GESF - Open Access… Closed Economy?
Dr Chris Muellerleile
Globalisation, Education & Social Futures
Time: 1:30 - 3pm
This paper makes the case that despite the attention it receives, open access journal publishing is only one small component of a larger dynamic of openness surrounding academic knowledge production. Most importantly the paper argues that the context—or medium—that open access articles, and more importantly data about all journal articles, are dependent upon to become useful and meaningful is quickly being economized by for- profit publishers. Despite the belief of many academic researchers and curators of journals that this is an economy based on the content—or use value—of research articles, this emergent economy is largely based on exchange values, which has a different social and spatial constitution.
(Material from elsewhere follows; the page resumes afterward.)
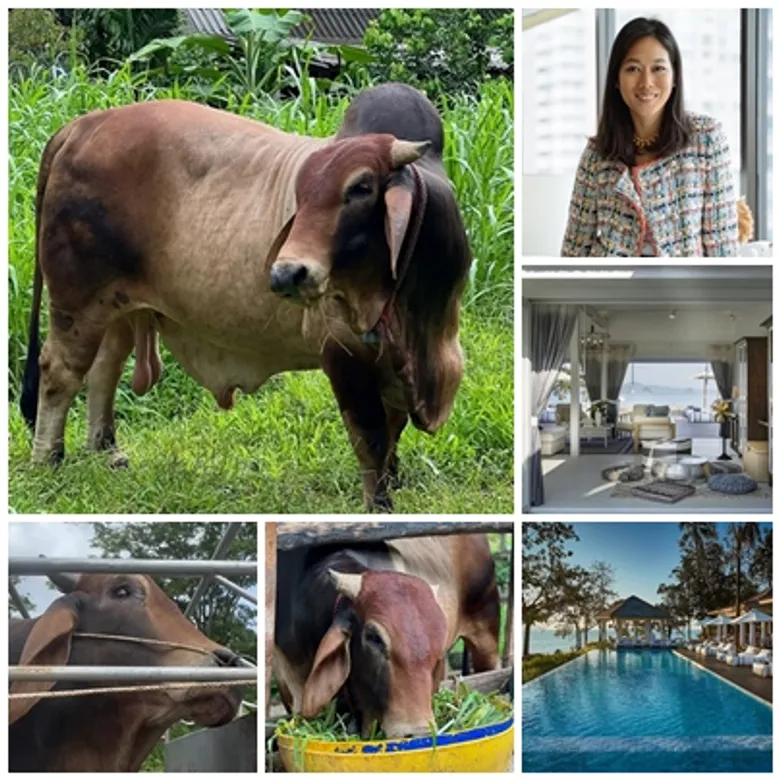 Cape Kudu Hotel Has Adopted Its First Mascot Saving a Beautiful Life from the Slaughterhouse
This new economy is highly digitized, filtered and framed by for-profit firms, and constituted by new spaces of assessment, metrics, comparison, and competition. This paper offers a brief overview of the open access publishing landscape, explores some of the emerging strategies of academics and publishers given the transition to open access, and finally presents a brief case study of Elsevier, the largest of the for-profit academic publishers. It suggests that Elsevier is one step ahead of the open access game in the ways it is developing expertise and capacity as a science, academic, and university data aggregator. In all of this Elsevier, along with the other publishing conglomerates, is constructing a new global economy of academic assessment and competition, much of which is based on the very real, but nevertheless derivative value of academic research and academic journals. It concludes by questioning whether running headlong into the world of openness is actually a counter-productive move for academics and academic institutions that seek to produce high-quality, intellectually meaningful, and socially impactful knowledge.